The Hairy Gender Gap

However hair is styled, it says something about gender. Let’s take a look at recent Western history.

Men and women both have long hair, but…

In the 18th-century men and women both kept their hair long — but women’s stylings were more elaborate and ornate, as with King Louis XVI and Marie Antoinette (as played by Kirsten Dunst and Jason Schwartzman, pictured here):

Marie Antoinette and King Louis XVI

Marie Antoinette and King Louis XVI

Around the same time, America’s Founding Fathers and Mothers also favored longish, if more modest, tresses. But still, women’s hair was longer and more ornamented, as with President James Madison and his wife, Dolly.

James and Dolly Madison

James and Dolly Madison


Probably to create greater gender distinctions. At that time women were considered the more leisured and decorative sex, leaving them more time to maintain elaborate hair styles. And, being pegged the passive gender, women needed something to attract men.

19th-century: the gap grows larger

By the 19th century the gender gap had widened as men sported shorter, more practical styles.


Partly, politics.

The French and American revolutions attacked aristocratic snobbery symbolically through plainer dress. Since only men had political rights, they were the ones to take up the symbolism.

A plainly dressed 19th century John Quincy Adams

A plainly dressed 19th century John Quincy Adams

Also, middle-class working men of the emerging industrial age wanted to project a thrifty seriousness.

But women were expected to maintain a sense of style. Especially since women’s role increasingly came to be seen as “a haven from the harsh world” that men could return to after a hard day’s work.

Women kept color and frills in the 19th-century

Women kept color and frills in the 19th-century

But also, women were less in the public eye. When ethnic groups immigrate, men are more likely to conform to the host culture’s fashion style, while women are more likely to wear traditional garb — maybe the sari or hijab, for instance.

1920s: Women’s short, bobbed hair

By the 1920s women favored a short, bobbed hairstyle. This cut accompanied their new right to vote, movement into the workplace, and greater financial independence — at least before marriage. The style symbolized taking on masculine power, and both symbolically and practically bestowed greater freedom.

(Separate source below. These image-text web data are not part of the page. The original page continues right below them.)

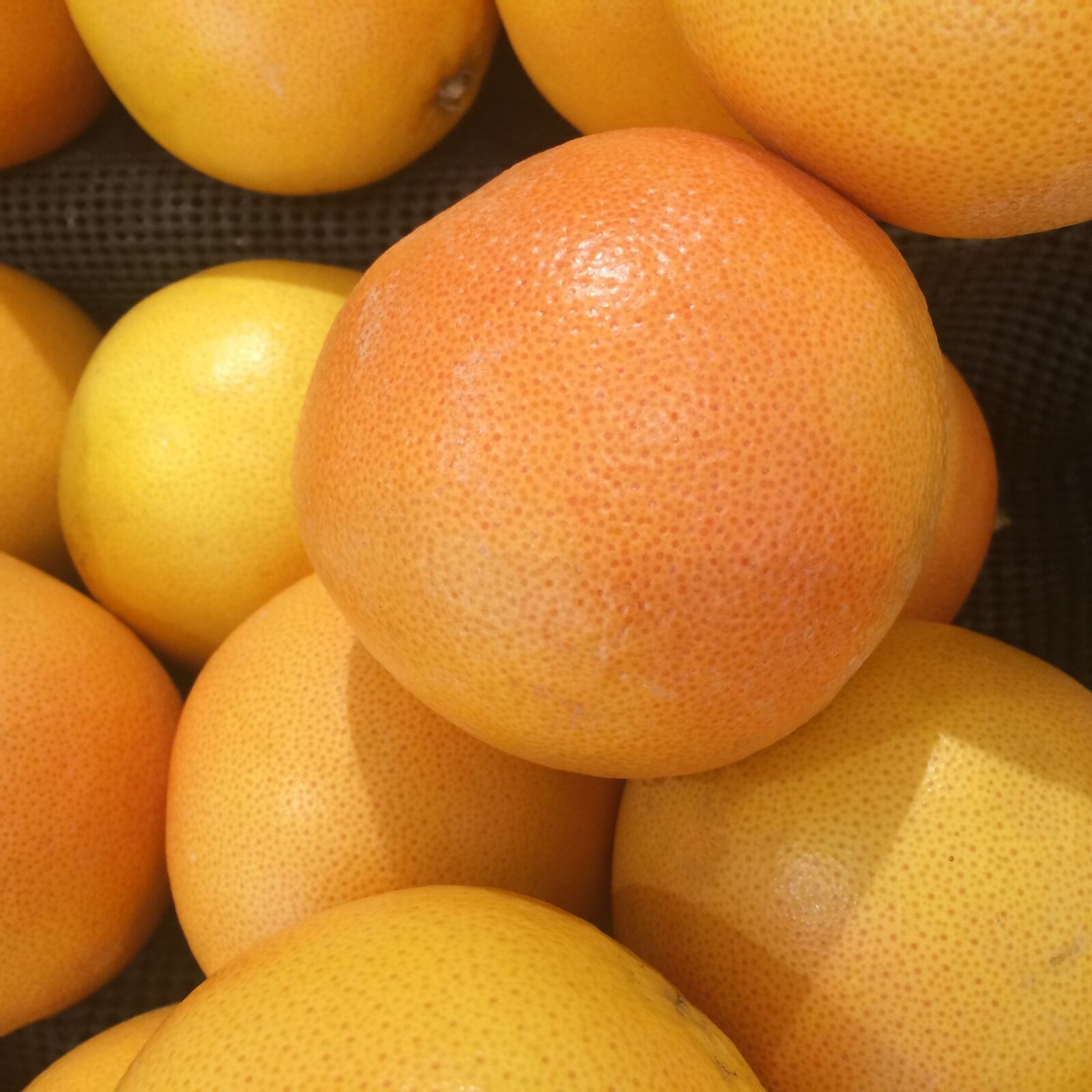iPhone 5s back camera 4.15mm f/2.2 sample photo. Grapefruit, import, california photography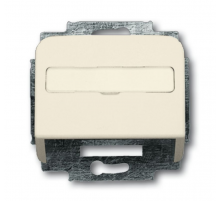 Плата центр. (корпус) с суппортом для комм. разъёмов и цоколей DCS, серия Busch-Duro 2000 SI, цвет сл. кость  1724-0-1002   2CKA001724A1002  ABB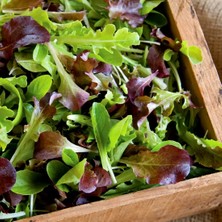 Zengarden Fransız Mesclun Salata Tohum Karışımı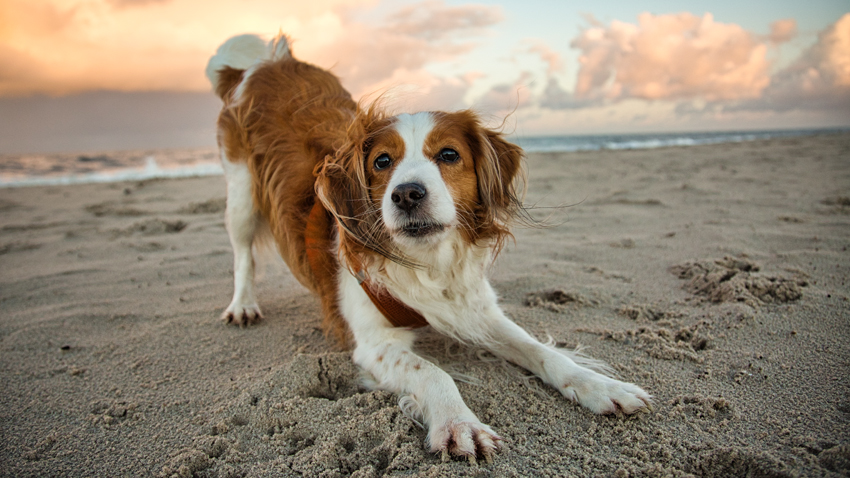 Urlaub mit Hund 2021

Short, bobbed hair helped women move, like this woman doing the Charleston

Short, bobbed hair helped women move, like this woman doing the Charleston

From 1940s military to 1960s counter-culture

During World War II men got crew cuts, which many kept after the war.

The crewcut

The crewcut

But styles radically changed in the 1960s, as the younger generation fought the older generation’s support of the Vietnam War.

The Beatles' "mop tops"

The Beatles’ “mop tops”

Young people began questioning authority —and society at large. In a countercultural move men “let their free flags fly” by wearing longer hair — one of the few times that men have appropriated a style associated with women. Message: Age is more important than gender. Short hair on men became a symbol of being under society’s control.

1970s early feminism

Some women embraced 1970s feminism by cutting their hair short — perhaps symbolic of taking on male power, or helping them get in touch with their more masculine side.

The butch look

The butch look

Over time, cultural feminists called for valuing feminine traits that had been denigrated by a patriarchal culture, and celebrated femininity.

Strong and fem

Strong and fem

If a woman feels that a more masculine style best expresses her personality, that’s great. Do it. But don’t assume that things associated with masculinity are better.

As it turns out, a simple thing like hair can hold a lot of meaning!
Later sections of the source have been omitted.